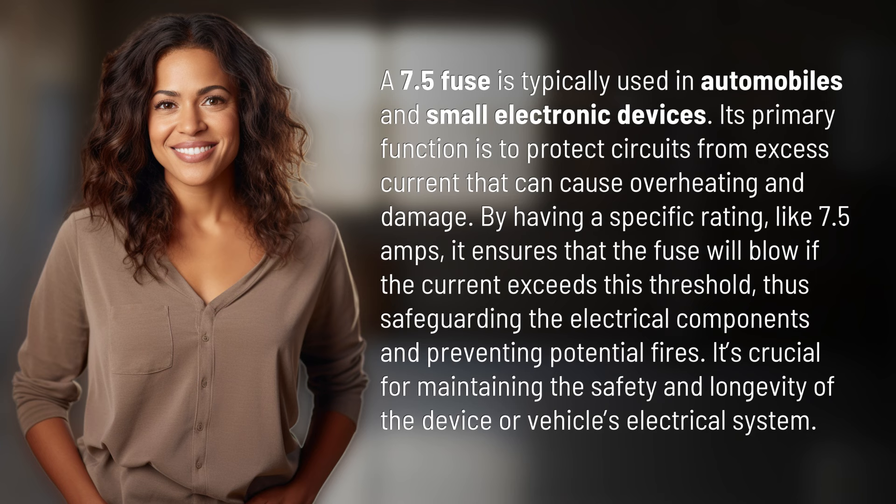like 7.5 amps, it ensures that the fuse will blow if the current exceeds this threshold, thus safeguarding the electrical components and preventing potential fires. It's crucial for maintaining the safety and longevity of the device or vehicle's electrical system.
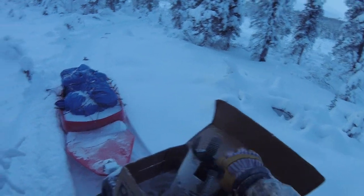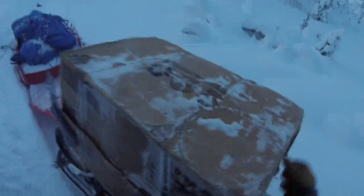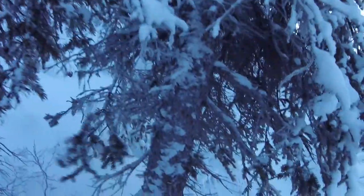Almost done setting for the day. Got a wolverine pen set and a bunch of martin traps — I don't know, seven, six, six today. Clearing some branches here to make a spot for the martin to hang down so it doesn't scrape on anything when he's caught.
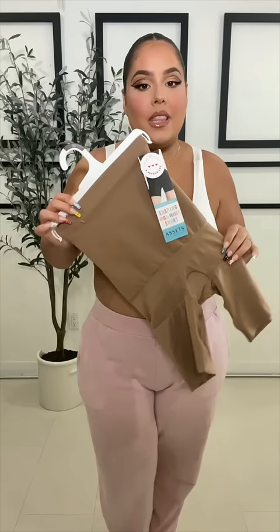I am back with another power of shapewear video. I have done a couple of these in the past where I show you the power of a good shapewear. You guys always ask me what my favorite affordable shapewear is. This one is by far my favorite — it's the Acid by Sphinx shapewear, and I get mine at my local Target.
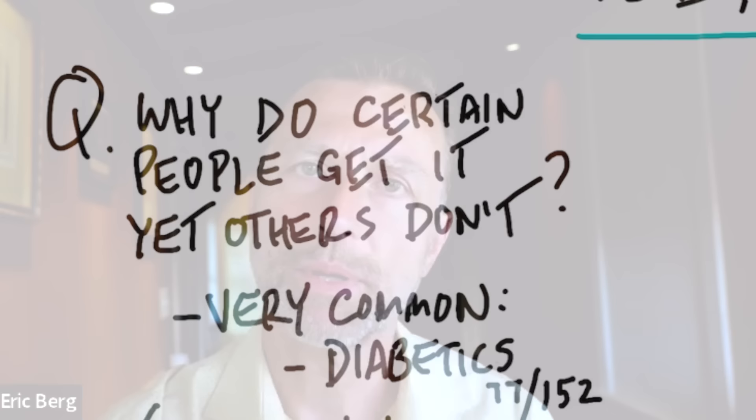Let's talk about how to get rid of toenail fungus. There are two main ingredients to this formula. But more importantly, we want to ask questions like: why do certain people get toenail fungus yet other people never get it? Why is it so common in diabetics?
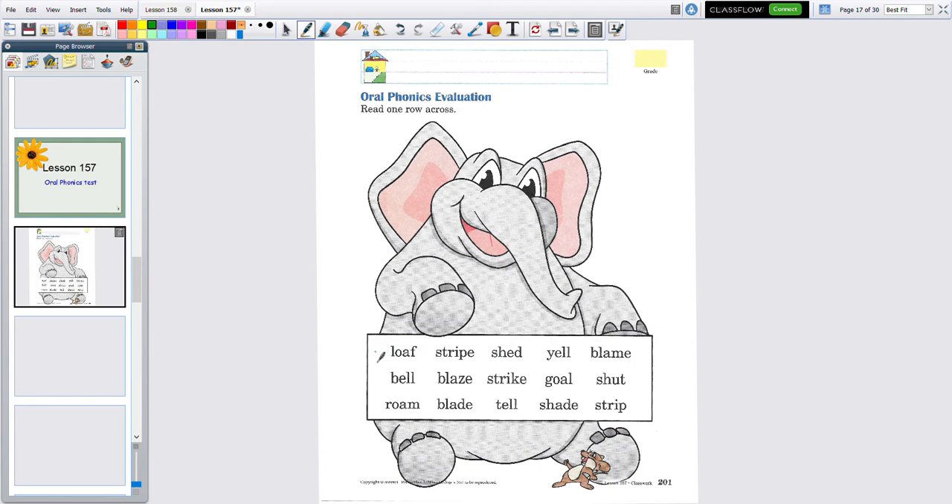Whichever row — it might be this row, it could be this row, or it could be this row. So if they were reading the top row and they got it right, put a smiley face over it. If they didn't get it right and they missed it, then just leave it blank. Just put a smiley face over the ones that they got. And if you want to do two rows, that's fine. If you wanted to do three rows, that's fine too. But I do need at least one row. Just mark the ones they get correct.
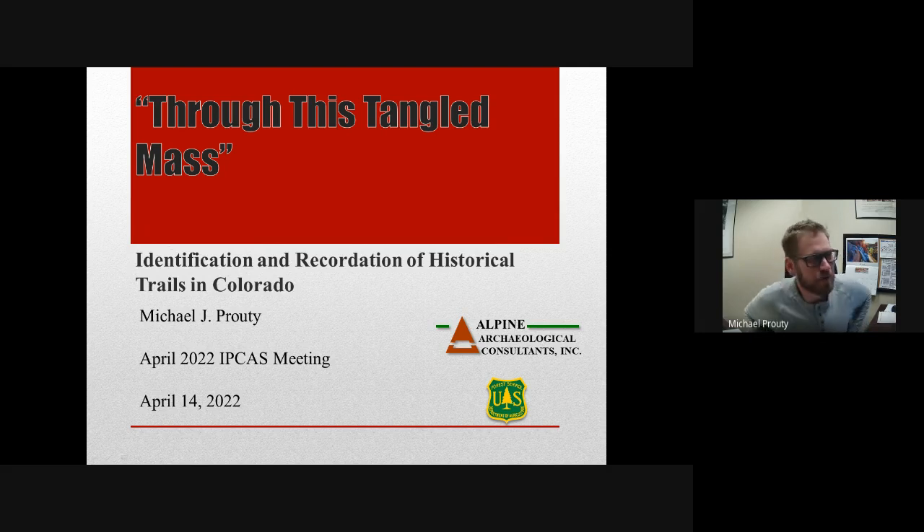Thanks for having me tonight. I appreciate being able to talk to you all about historical trails — it's something I've been able to work on. As Katie mentioned, I work at Alpine Archaeological Consultants, based out of Montrose, Colorado. I've been here for about 15 years, working up from field tech to now principal investigator. Through that, I've had the opportunity to work on a lot of different trails, and it's been really interesting because they are such an important resource.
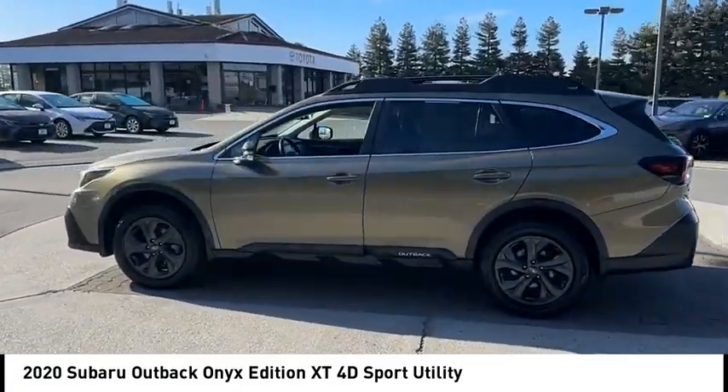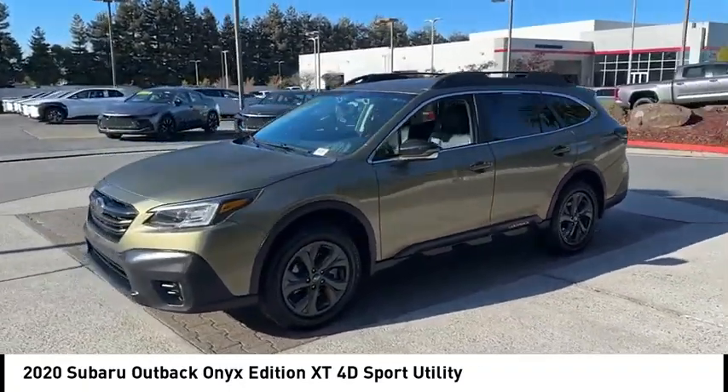This vehicle has less than 70,000 miles. Here are some of this vehicle's great options.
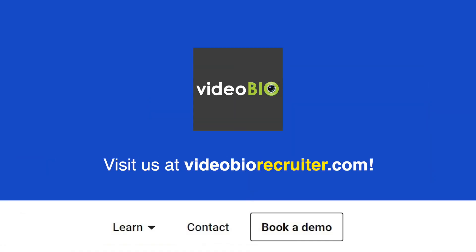Supercharge your first stage hiring with Candidate Match today. Get your first month free on us and see how this can transform the way you uncover talent.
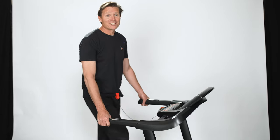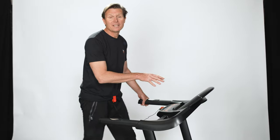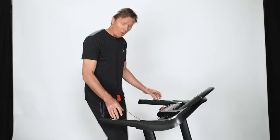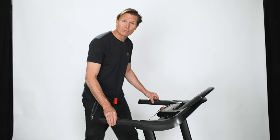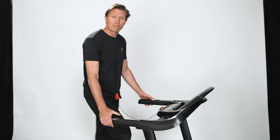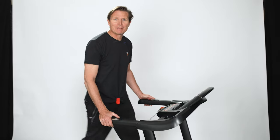This Gold Treadmill really does deliver on performance. It has ten different workout programs for you to choose from, but you could also control your workout right here on the handlebars — the speed and the incline — as you're working out, just by pressing these buttons here. It's a great piece of kit.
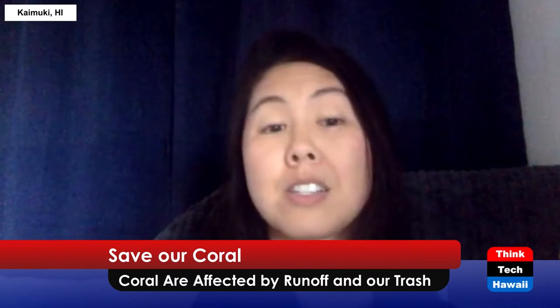Welcome to Healthy Planet, the show for people who care about their health and the health of our planet on the ThinkTech Live Streaming Network series. I'm your host, Dr. Grace O'Neill. Joining me today is Wendy Cover, a coral biologist. Today we're going to talk about coral health. So let's get into it.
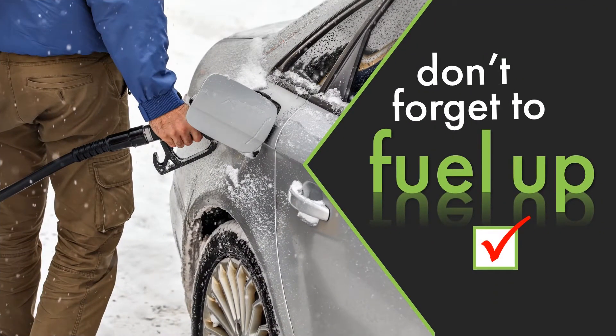Keep plenty of fuel in the gas tank in case you must run the engine to stay warm during delays. You don't need to run it continuously, only enough to put some warmth back into the passenger compartment.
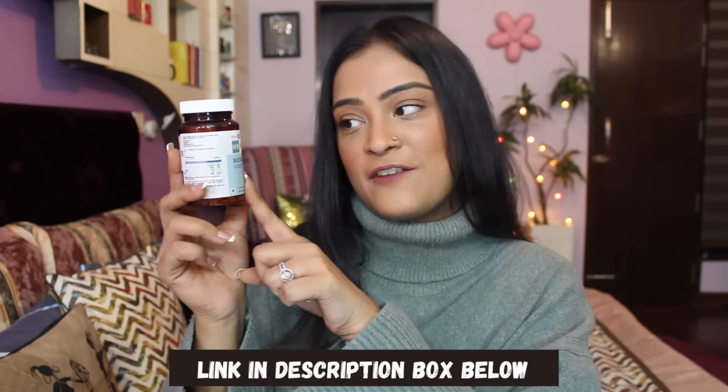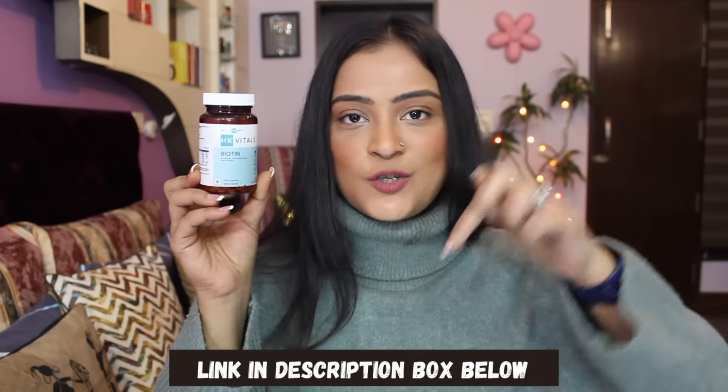Definitely try this out for yourself. It's going to focus on stronger hair, shinier hair, healthier hair overall. I hope this video was helpful for you. I will see you very soon. Thank you so much for watching and make sure to try this out — I'm going to have the link in the description box below. So check it out. Bye!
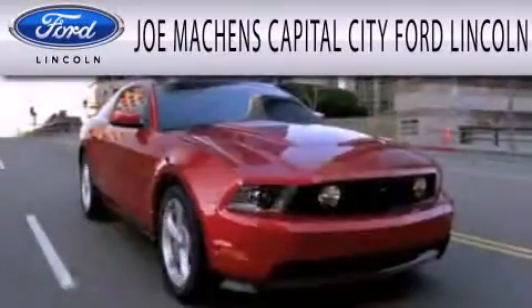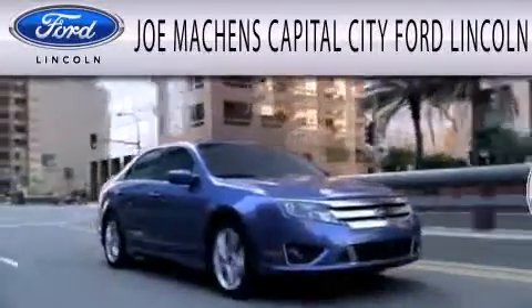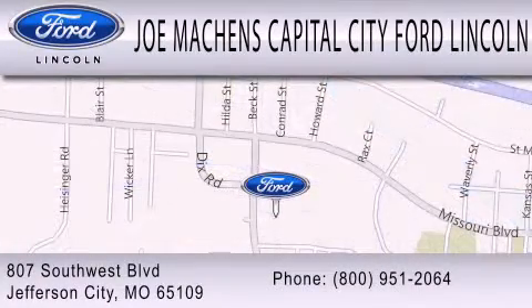Joe Mockens Capital City Ford Lincoln is dedicated to doing everything possible to ensure the experience you have selecting your next vehicle is as pleasant as possible. We're located at 807 Southwest Boulevard in Jefferson City.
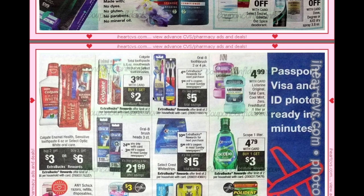Colgate Total toothpaste, mouthwash, or select toothbrushes are $3.99 plus buy one get a $2 ECB. If it includes a mouthwash and you have that $2 hang tag, you'd be able to get it for free. RLB toothbrushes in two or four packs have a $1 manufacturer coupon and a $4 ECB, saving you $5.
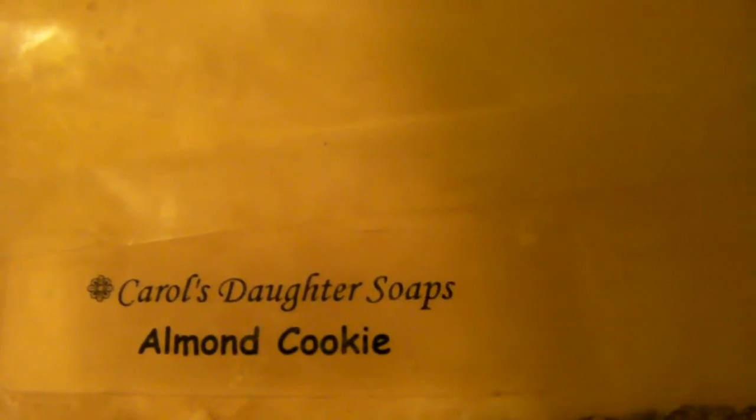This purple pouch contains my Carol's Daughter items. I have Carol's Daughter Almond Cookie Soap, Carol's Daughter Belly Butter, and Healthy Hair Butter from Carol's Daughter. You guys know what Carol's Daughter is all about.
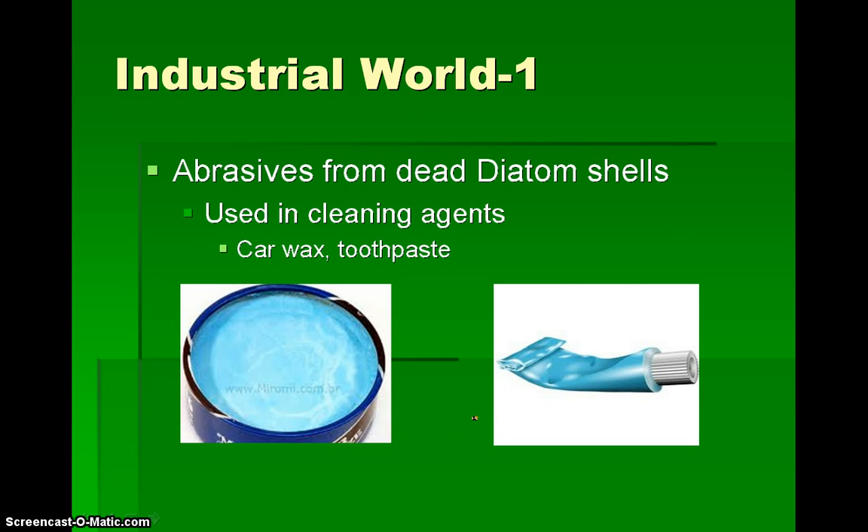And in the industrial world, we get abrasives from dead diatom shells. These are used in cleaning agents, in car wax, and also in our toothpaste, believe it or not. These dead diatoms are good for this purpose because they are soft enough to not damage a surface, but yet hard enough to work as a very good buffer.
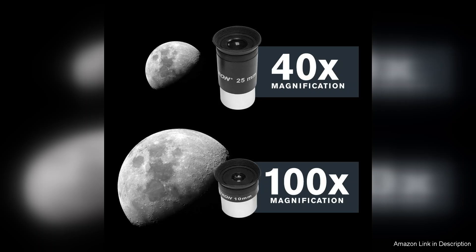Whether you're observing the rings of Saturn or the craters of the moon, this telescope promises to inspire wonder and curiosity, making it a worthwhile addition to your astronomical pursuits.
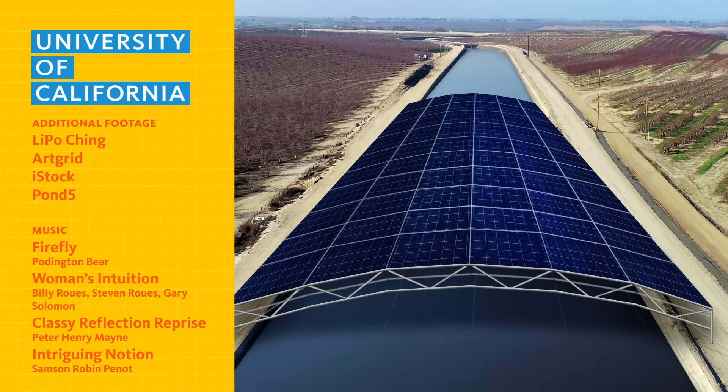If you want to learn about the simple but brilliant new way that California is using solar panels, check out our video here. And be sure to subscribe for more science and discovery stories.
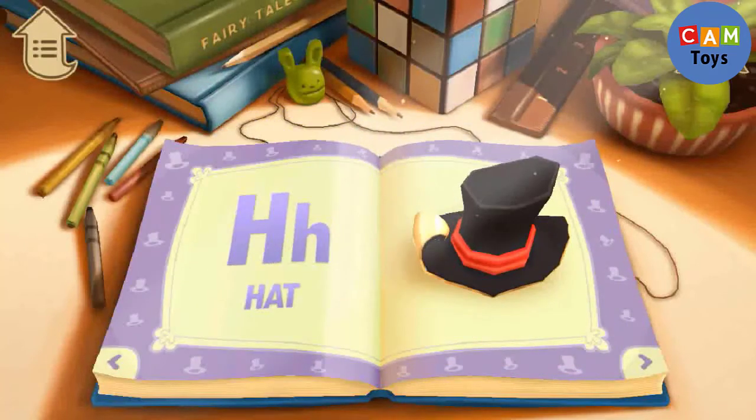H. H is for Hat. A hat goes on your head, doesn't it?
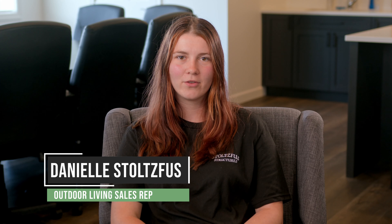My name is Danielle Stolzfus. I'm the outdoor living sales rep, and I help with all the pavilions, pergolas, and gazebos. Today we're going to talk about what size gazebo might work best for your property.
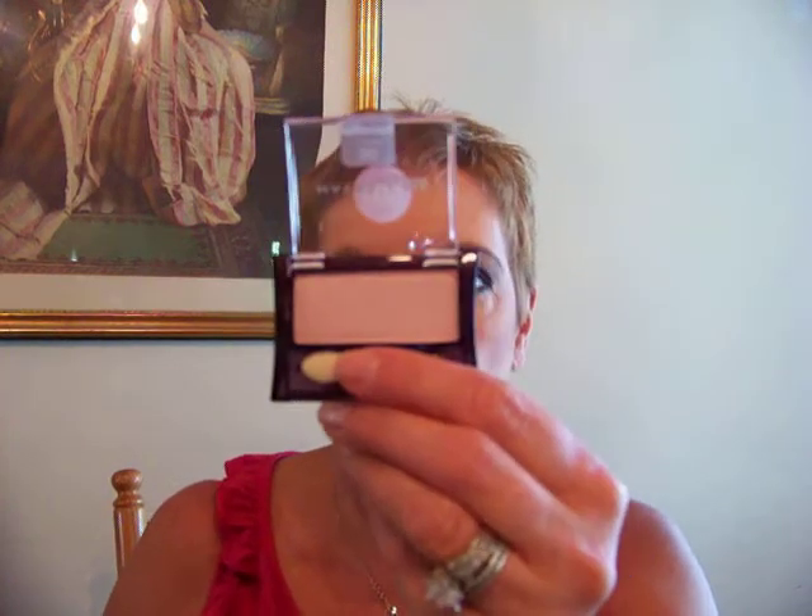I went to CVS, and I had gotten a coupon from a previous purchase. This eyeshadow was 50% off at CVS, and then with the coupon that I had received, I actually got this for free. So this is number 50, Seashell, and it's a shimmer and a light pink. It's a little chalky and the color payoff isn't that great, but it's nice for highlight. And it was free.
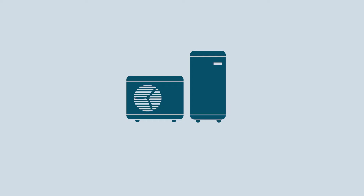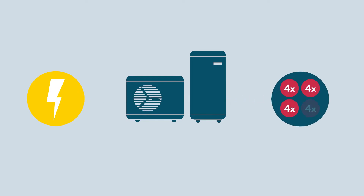A well-designed heat pump in the right scenario will be up to 400% efficient, which is known as the COP, or a coefficient of performance of four. This means that for every kilowatt hour of electricity used to power the heat pump, you can expect up to four kilowatt hours of heat energy to be generated for heating and hot water.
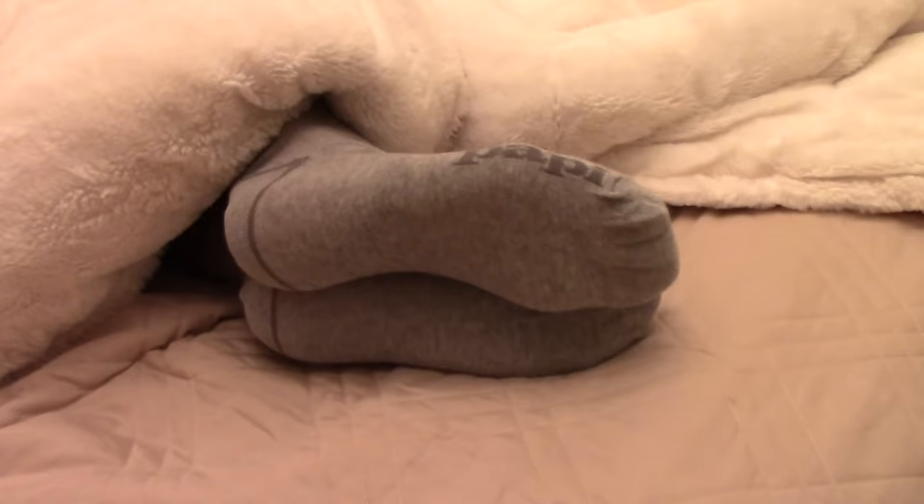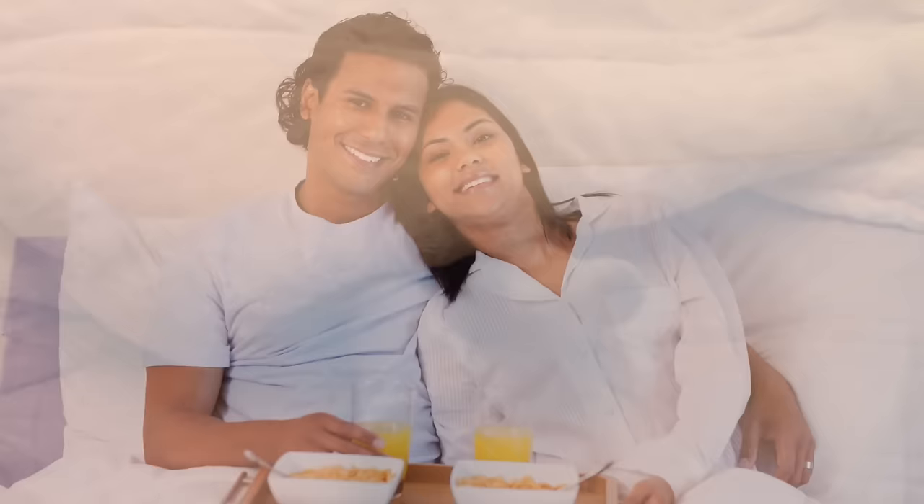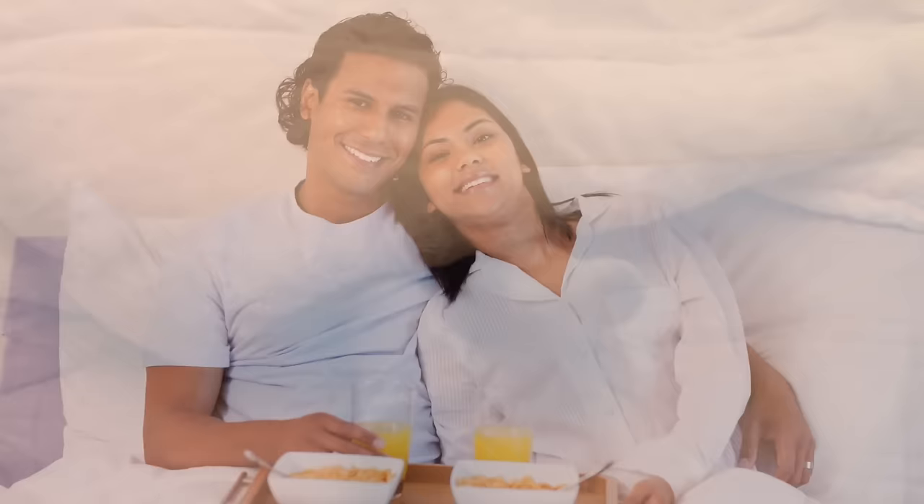To stay toasty on a chilly night, think like someone who's roughing it. Avoid cotton — it absorbs water and it's a poor insulator. Look for pajamas made of wool. It pulls sweat away from your body and insulates a lot better than cotton.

WHAT YOU NEED TO DO. Among the entries above, copy exactly the stretch from the line holding "Almost done setting" through the line holding "Let's talk about", leaving out any pictures.

OUTPUT FOR THIS EXERCISE.
Almost done setting for the day. Got a wolverine pen set and a bunch of martin traps — I don't know, seven, six, six today. Clearing some branches here to make a spot for the martin to hang down so it doesn't scrape on anything when he's caught.
I am back with another power of shapewear video. I have done a couple of these in the past where I show you the power of a good shapewear. You guys always ask me what my favorite affordable shapewear is. This one is by far my favorite — it's the Acid by Sphinx shapewear, and I get mine at my local Target.
Let's talk about how to get rid of toenail fungus. There are two main ingredients to this formula. But more importantly, we want to ask questions like: why do certain people get toenail fungus yet other people never get it? Why is it so common in diabetics?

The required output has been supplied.